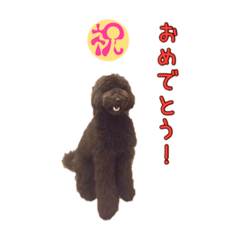 Mu_20190529210902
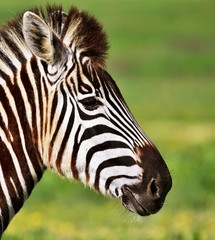 Fototapeta na wymiar Portrait of a beautiful Zebra in South Africa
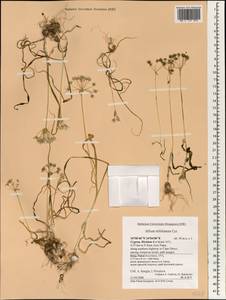 Allium trifoliatum Cirillo, South Asia, South Asia (Asia outside ex-Soviet states and Mongolia) (ASIA) (Cyprus)
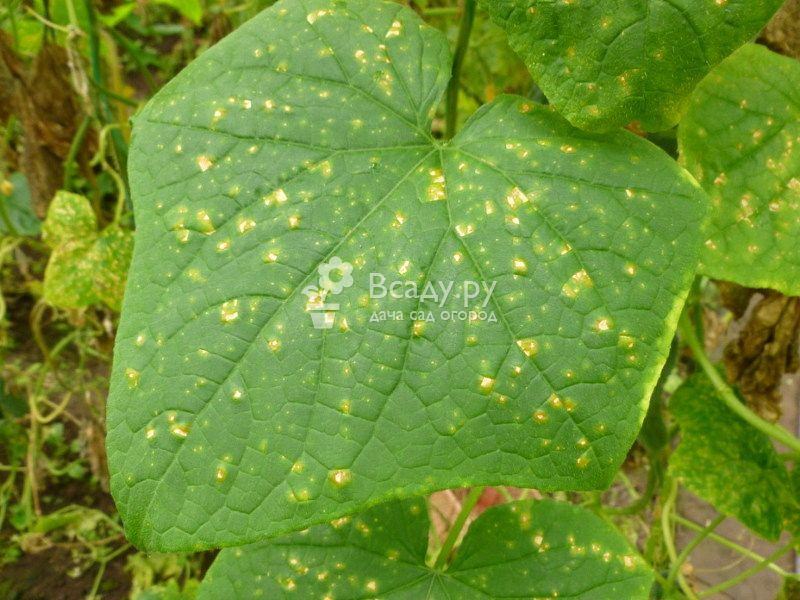 Болезни огурцов в теплице: причины возникновения и методы лечения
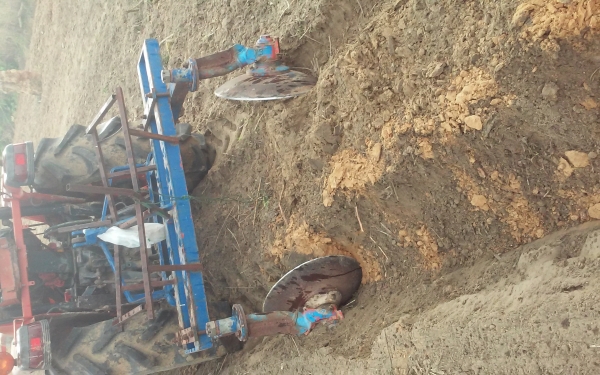 ผานยกร่อง. ร่องอ้อย ร่องมัน ผานยกร่อง. ร่องอ้อย ร่องมัน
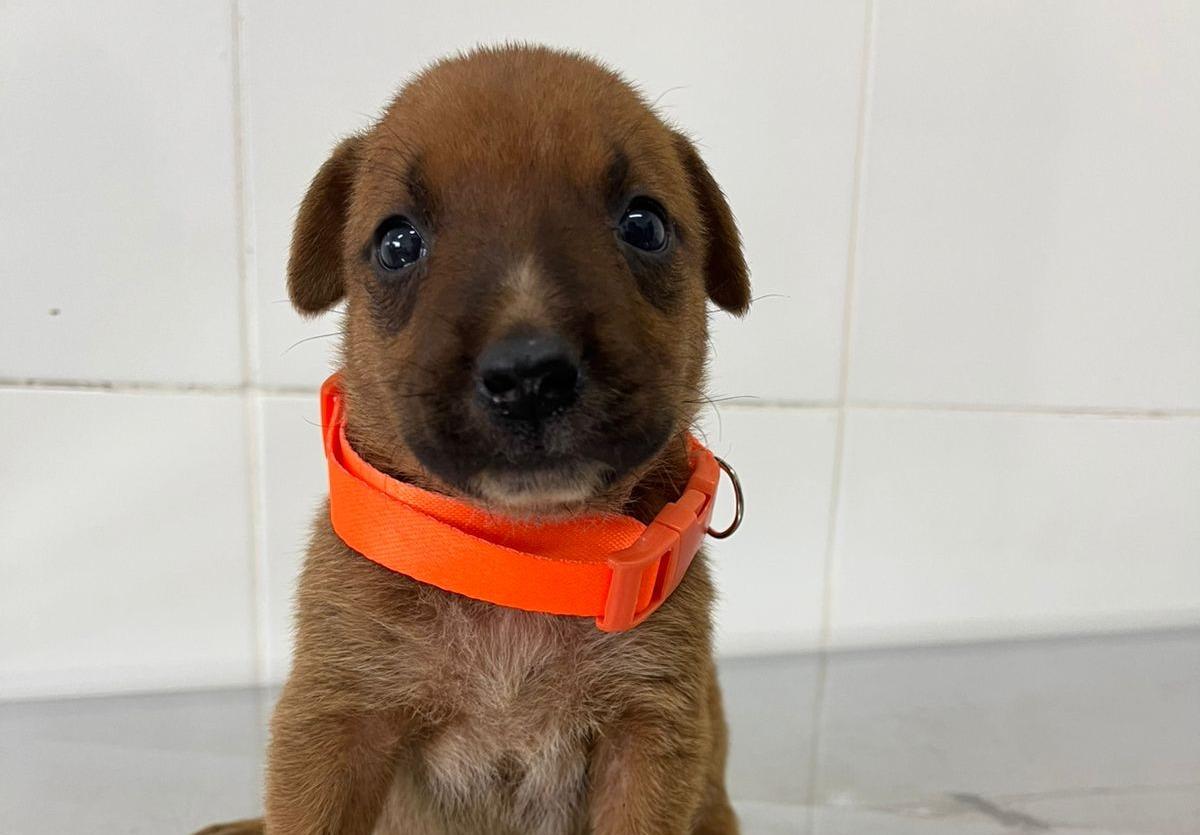 Adoção de Animais em Aparecida será neste sábado, 1º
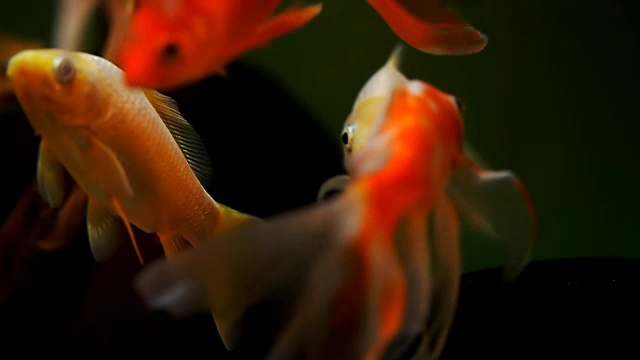詳情圖-水族館里美麗的金魚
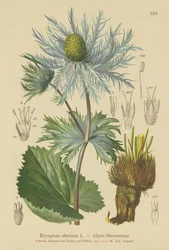 Eryngium alpino (Eryngium alpinum)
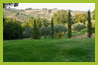 parco 17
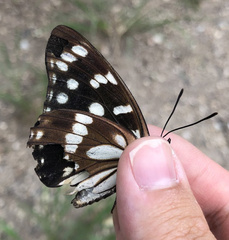Hestina persimilis japonica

+ + + + +

■ What needs to be done: Please reproduce the records above exactly, omitting every picture.

■ Result for this task:
 Mu_20190529210902
 Fototapeta na wymiar Portrait of a beautiful Zebra in South Africa
 Allium trifoliatum Cirillo, South Asia, South Asia (Asia outside ex-Soviet states and Mongolia) (ASIA) (Cyprus)
 Болезни огурцов в теплице: причины возникновения и методы лечения
 ผานยกร่อง. ร่องอ้อย ร่องมัน ผานยกร่อง. ร่องอ้อย ร่องมัน
 Adoção de Animais em Aparecida será neste sábado, 1º
詳情圖-水族館里美麗的金魚
 Eryngium alpino (Eryngium alpinum)
 parco 17
Hestina persimilis japonica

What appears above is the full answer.